Une position partagée par Janine Mossuz-Lavau, selon qui cette mesure ne permet la réduction “que de la prostitution de rue et pas de la prostitution dans son ensemble” , qui se poursuit dans d’autres lieux, hors de la vue des autorités ou des associations d’aide aux prostitué(e)s.

La France adopte le modèle suédois

En débat au Parlement depuis plus de deux ans, le projet de loi français visant à modifier l’encadrement de la prostitution a été adopté le 6 avril par l’Assemblée nationale, sans avoir trouvé de compromis avec le Sénat. Laurence Rossignol, ministre des Familles, de l’Enfance et des Droits des femmes, s’est félicitée de ce vote, déclarant que “la France affirme avec force que l’achat d’actes sexuels est une exploitation du corps et une violence faite aux femmes” .

Le texte prévoit de profonds changements dans la régulation de la prostitution, introduisant donc la pénalisation des clients.
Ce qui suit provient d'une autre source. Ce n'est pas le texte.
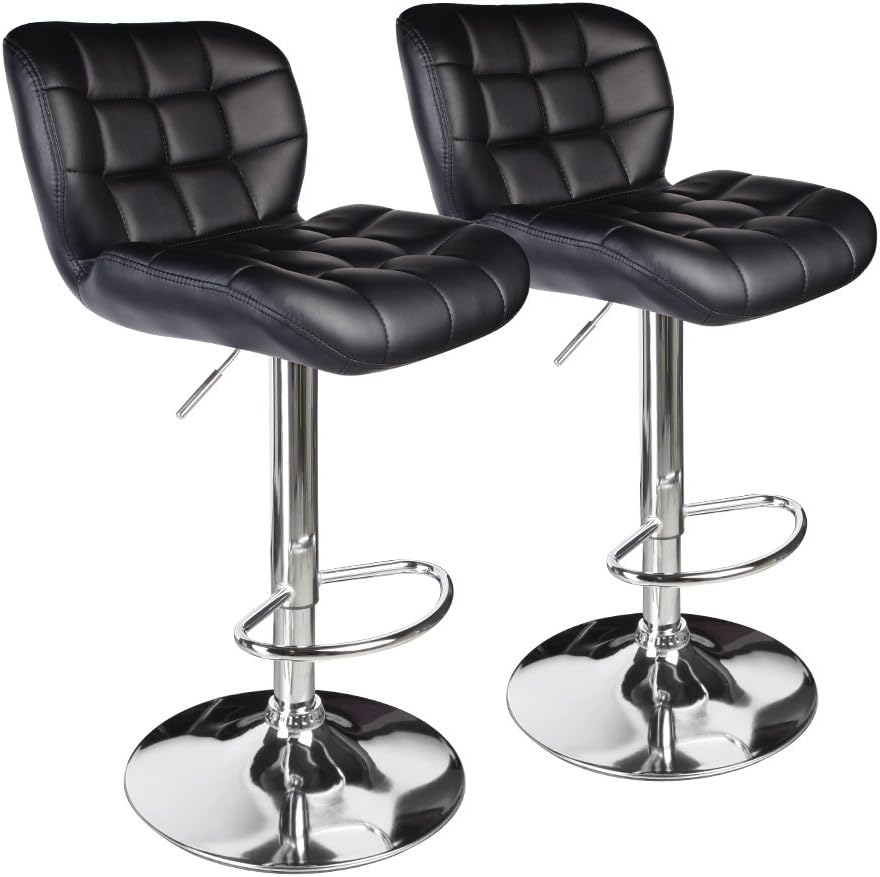 Leopard Deluxe Pitstop Adjustable bar stools,Set of 2 (Black)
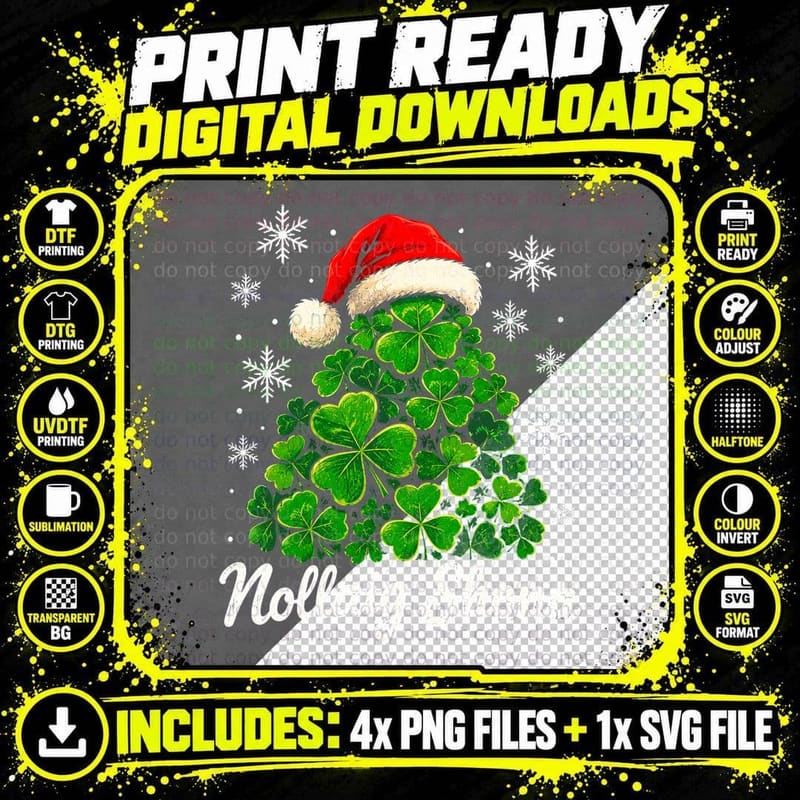 Irish Pile of Shamrocks Christmas Santa Hat Xmas Gift Png SVG Digital Bundle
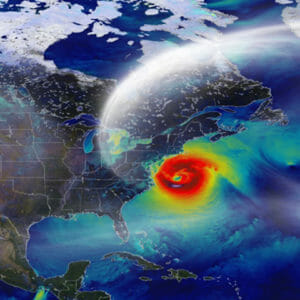 Weather radar graph showing hurricane approaching North Carolina coast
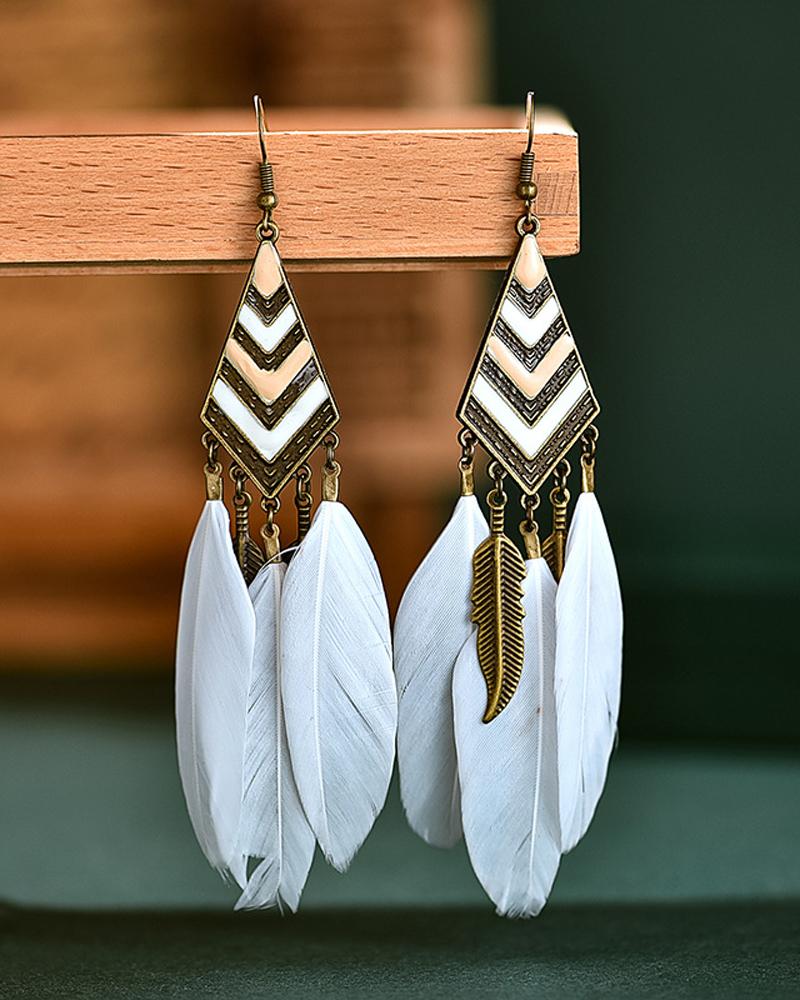 1Pair Feather Decor Dream Catcher Shaped Drop Earrings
Une mesure qui a suscité un vif débat politique et qui ne recueille pas l’assentiment de tous les experts.

Vent debout contre la réforme, Janine Mossuz-Lavau le juge même “catastrophique” dans la mesure où “cela ne va pas arrêter la prostitution, mais la pousser vers davantage de clandestinité” . Pour la chercheuse, les porteurs du projet “ne connaissent rien au fait prostitutionnel et ne sont jamais allés sur le terrain” . Et ce ne sont pas les dispositions visant à aider les prostituées à changer d’activité - en leur proposant des soutiens financiers souvent inférieurs à leurs revenus, ou en promettant des papiers aux prostitué(e)s étrangers au terme de procédures longues et difficiles - qui seront suffisants pour réduire la prostitution, conclut-elle.

Bénédicte Lavaud-Legendre est chargée de recherches au CNRS. Son dernier ouvrage s’intitule Lien social, relation de travail et exploitation. Il est paru chez Dalloz en 2015.
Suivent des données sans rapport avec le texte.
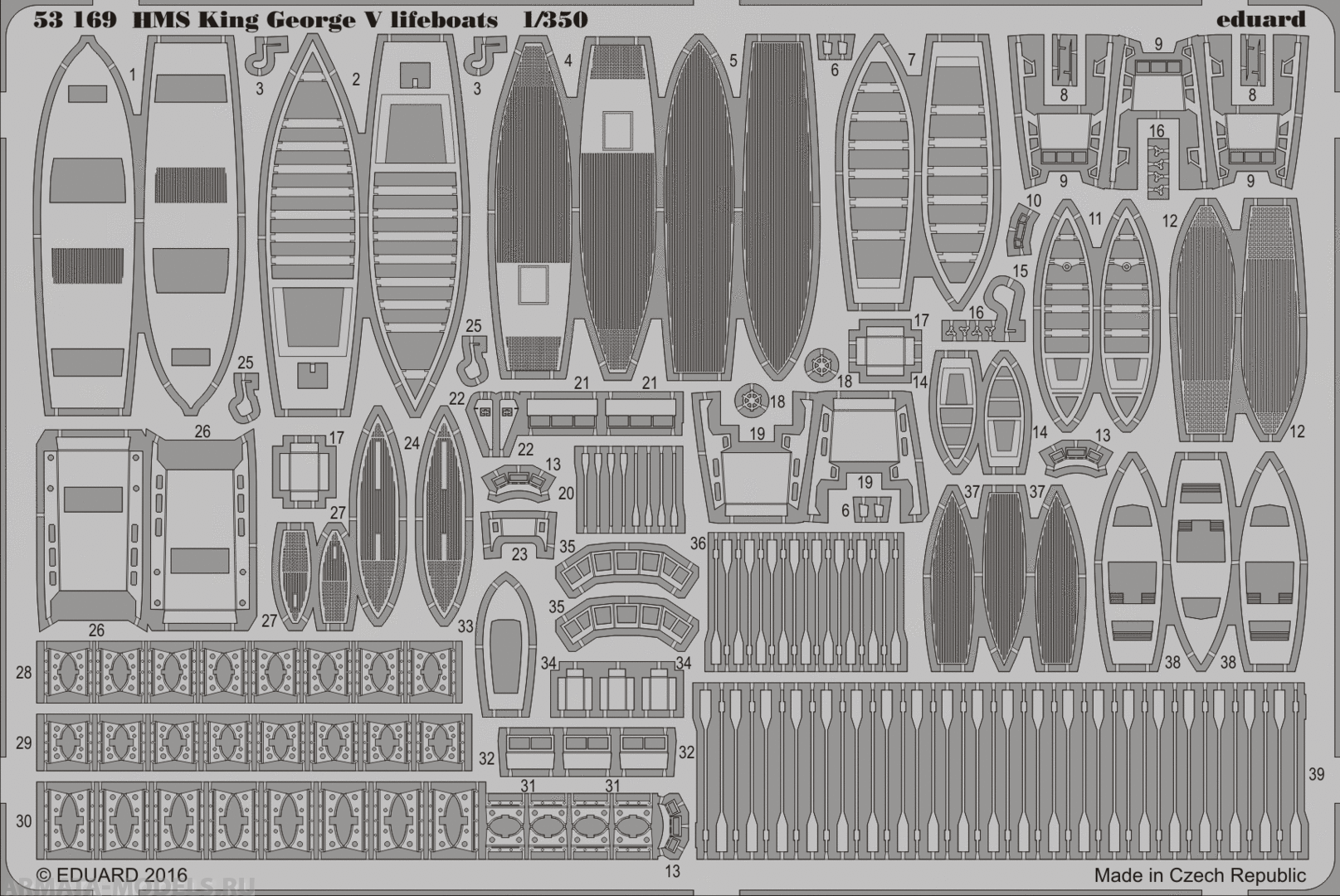 53169ED Комплект фототравления SET 1/350 HMS King George V lifeboats (TAM)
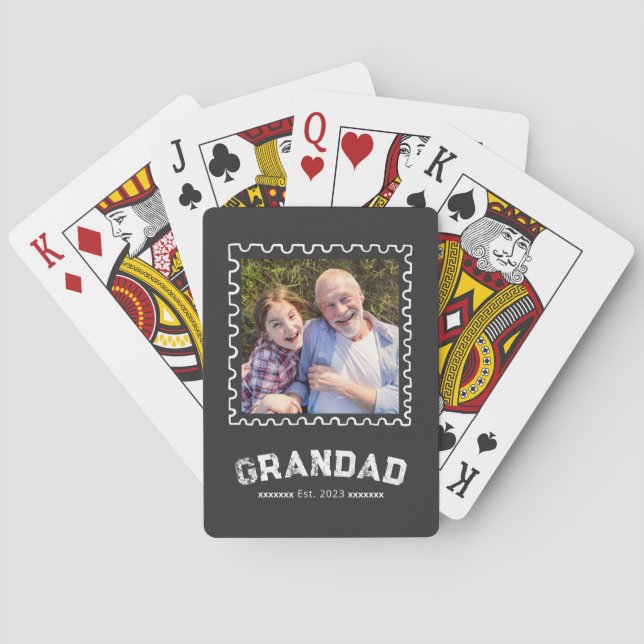 Grandad Established Black Moden Typography Photo Playing Cards (Back)
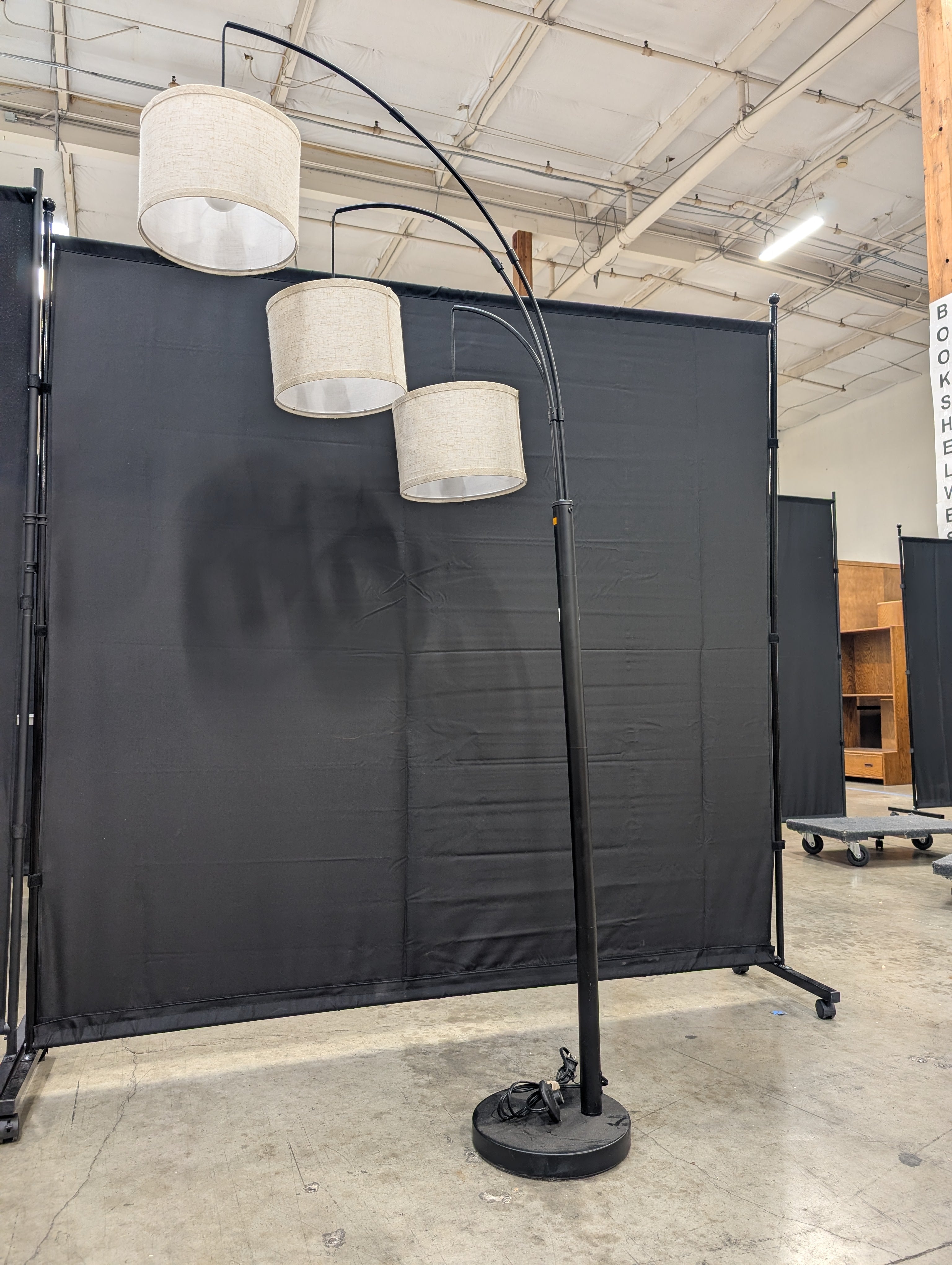 JALECTRIC Modern Arched Triple Head Floor Lamp with Fabric Shades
Plus pondérée, Bénédicte Lavaud-Legendre estime quant à elle qu’il est “impossible de dire, à l’heure actuelle, si la pénalisation des clients marche ou non” , faute de données fiables disponibles. Toutefois, juge-t-elle, l’imperfection du projet de loi est patent dans la mesure où il ne permettra pas de s’attaquer aux “situations d’isolement et de dépendance des personnes vulnérables” . Selon Bénédicte Lavaud-Legendre, le nerf de la guerre se trouve dans la lutte contre la prostitution forcée et la traite des êtres humains. Cela passe par une “harmonisation des législations au niveau européen” , dans la mesure où nous sommes dans un monde globalisé dans lequel “le trafic d’êtres humains joue sur le franchissement des frontières” .

En revanche, la suppression du délit de racolage passif, introduit en 2003 sous l’égide de Nicolas Sarkozy, alors ministre de l’Intérieur, n’a pas soulevé de blocage majeur : la majorité des observateurs s’accordant à dénoncer ses effets négatifs pour les prostitué(e)s, conduits à plus de clandestinité.
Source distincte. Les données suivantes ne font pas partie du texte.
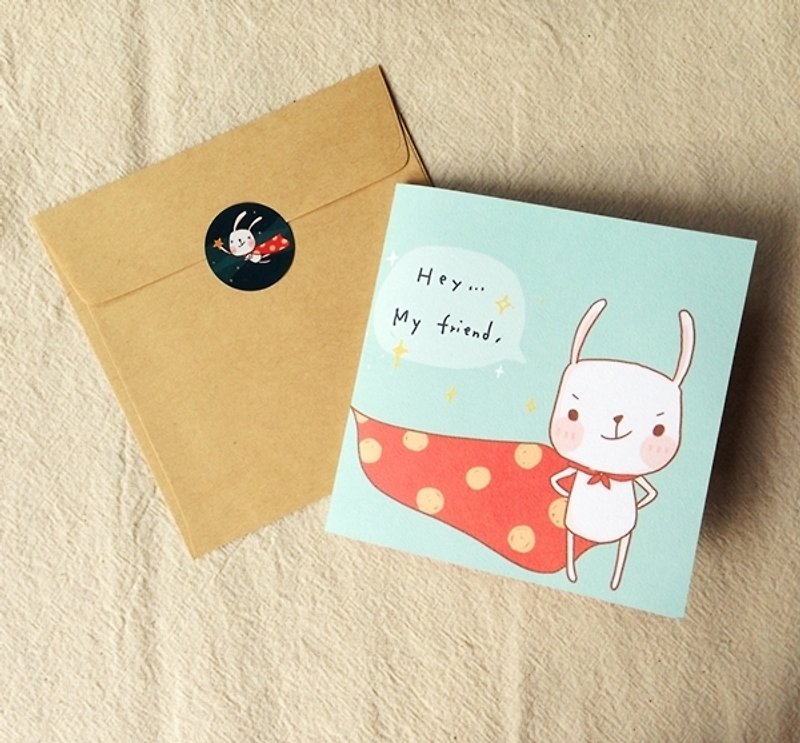 Bunny Rider folded card │ - การ์ด/โปสการ์ด - กระดาษ สีน้ำเงิน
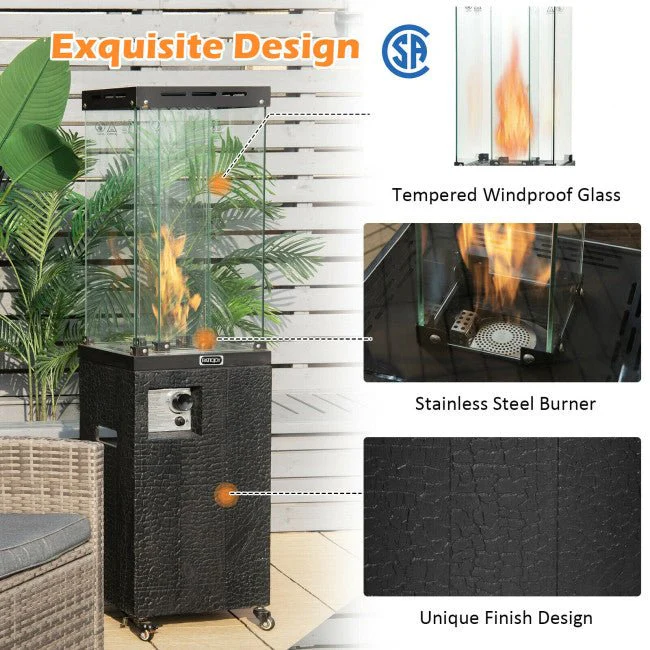 41K BTU Outdoor Propane Gas Patio Heater W/ Lockable Wheels (SAK98052) - Image 6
L’interdiction totale, le modèle de la Roumanie

Quatrième modèle, celui de l’interdiction totale, qui existe dans quatre Etats membres : la Croatie, la Lituanie, Malte et la Roumanie. Ce choix n’est donc pas la norme en Europe, d’autant que ce dernier peut paraître paradoxal, voire hypocrite, notamment concernant un pays comme la Roumanie, considéré comme l’un des principaux pays sources de trafic d’êtres humains, notamment à des fins d’exploitation sexuelle.